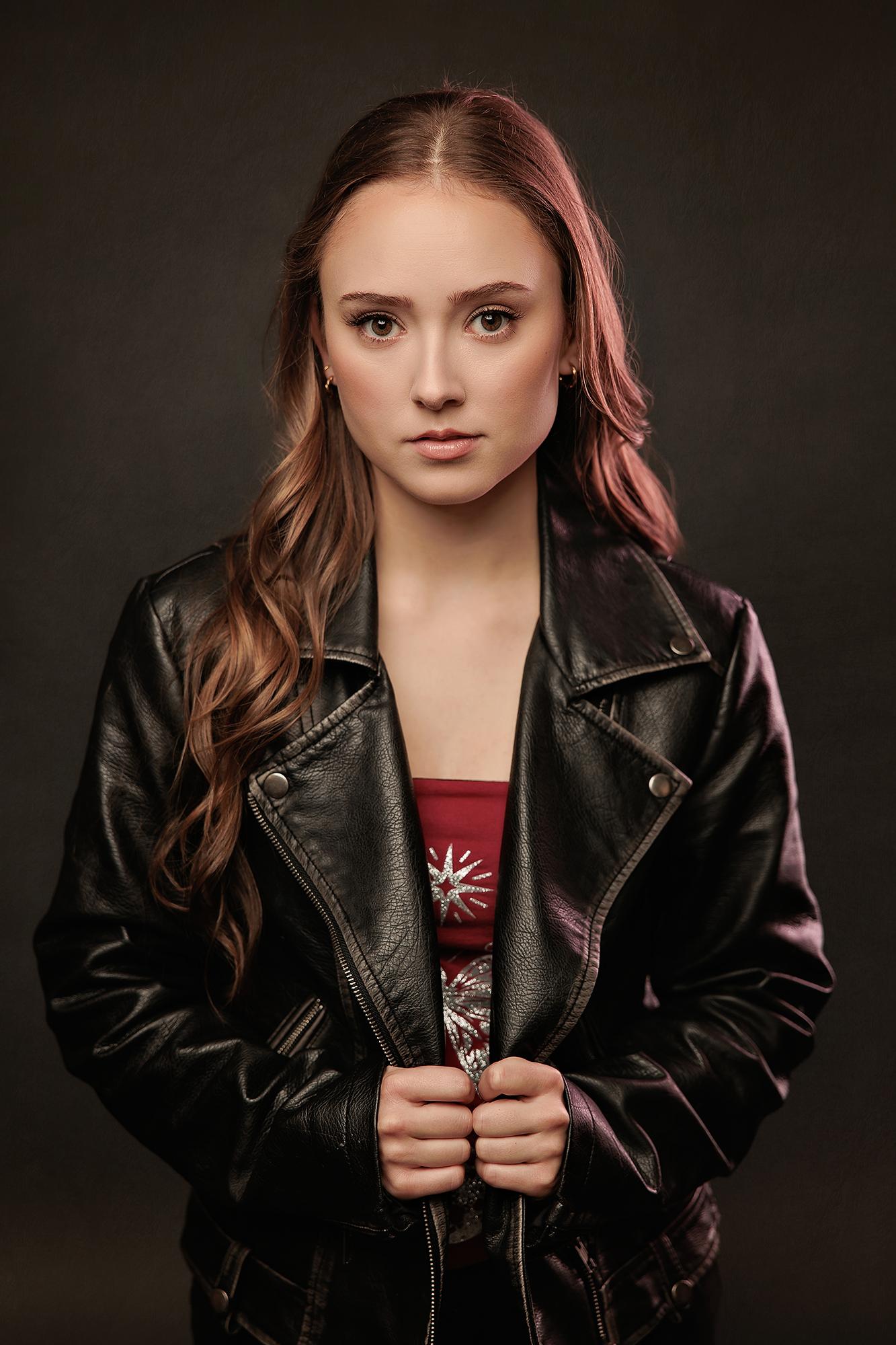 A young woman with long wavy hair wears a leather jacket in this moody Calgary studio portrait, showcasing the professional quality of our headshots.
----
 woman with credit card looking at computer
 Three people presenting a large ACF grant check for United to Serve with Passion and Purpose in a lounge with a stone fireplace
----
> Brief:
Of all the entries above, repeat only the lines from the line that has "woman with credit card looking at computer" to the line that has "Three people presenting", both lines included, exactly.

> Output for this task:
 woman with credit card looking at computer
 Three people presenting a large ACF grant check for United to Serve with Passion and Purpose in a lounge with a stone fireplace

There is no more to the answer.